Tú eres el Rey de la gloria
Jesús de Nazaret, por el contrario, se ha hecho carne y uña con cada hombre para romper, con su propia muerte, ese círculo mortal que atenaza desde dentro a cada uno. Y, a diferencia de todos los demás señores de la tierra, que nunca han podido salir de ese anillo de muerte, ni ellos ni los suyos, Él no se ha quedado allí dentro, sino que, como verdadero Señor de la Vida y de la Muerte, con su resurrección nos lleva a resucitar con Él: “La muerte ya no tiene poder sobre Él” (Rm 8,10) y, “si hemos muerto con Cristo, creemos que también viviremos con Él” (Rm 8,9).
No hay ningún Rey Sol o Hi-Man alguno, ni de ayer, hoy o mañana, que haya perdurado o pueda perdurar; sólo Jesucristo “es el mismo hoy, ayer y siempre” (Hb 13,8). Todos los “Grandes” de la Historia, los déspotas, prepotentes y absolutistas de todos los tiempos han desembocado en la muerte, diseminándola, además, a diestro y siniestro, pues “los malos perecen en las tinieblas” (1S 2,9), a los que “todas las tinieblas los acechan en secreto” (Jb 20,26), porque “imaginaban los impíos que podían tiranizar a una nación santa y se encontraron prisioneros de tinieblas” (Sb 17,2 y 18,4): “a la sima serán empujados y caerán en ella” (Jr 23,12) todos “los dominadores de este mundo tenebroso” (Ef 6,12), hasta que “el reino de la Bestia se quedó en tinieblas” (Ap 16,10).
Sólo Cristo disipó las tinieblas del mundo (del Pregón Pascual) y ha roto todas las ataduras que, como a Lázaro amortajado y vendado, tenían inmóvil y en podredumbre al hombre: “¿Quién me librará de este cuerpo que me lleva a la muerte?” (Rm 7,24). Él es el “Ab-soluto”, el totalmente libre de cualquier ligadura: todos los demás pasaron y han acabado su turno en el devenir histórico; sólo Él permanece, porque es “el que es, el que era y el que ha de venir” (Ap 1,4). Por eso queda constituido “Rey de reyes y Señor de los señores” (Ap 17,14), “con un Nombre sobre todo nombre, de modo que al nombre de Jesús, toda rodilla se doble en los cielos, en la tierra y en los abismos” (Flp 2,9-11).
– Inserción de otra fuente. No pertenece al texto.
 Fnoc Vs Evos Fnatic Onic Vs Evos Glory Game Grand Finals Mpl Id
Su señorío no es de dominio servil y ciego acatamiento, sino que nace del más absoluto de los servicios —servir es reinar—, porque sólo Él ha sido capaz de ponerse a nuestra altura, es decir, se abajó hasta nosotros (al revés que los “Grandes” del mundo, que se encumbran por encima de todos) para ponerse a nuestro servicio y elevar nuestra pobre vida y nuestra triste muerte a la vida eterna por su resurrección.
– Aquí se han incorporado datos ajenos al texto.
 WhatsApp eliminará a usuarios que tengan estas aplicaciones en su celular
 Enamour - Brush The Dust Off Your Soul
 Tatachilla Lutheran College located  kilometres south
Ahora sí, ahora podemos completar la cita del inicio, la respuesta de Jesús a Marta, una de las hermanas de Lázaro, antes del milagro de su vuelta a la vida: “Yo soy la Resurrección y la Vida. El que cree en mí, aunque muera vivirá; y todo el que vive y cree en mí, no morirá jamás” (Jn 11,25-26). Este es el sentido de la Fiesta de Cristo Rey.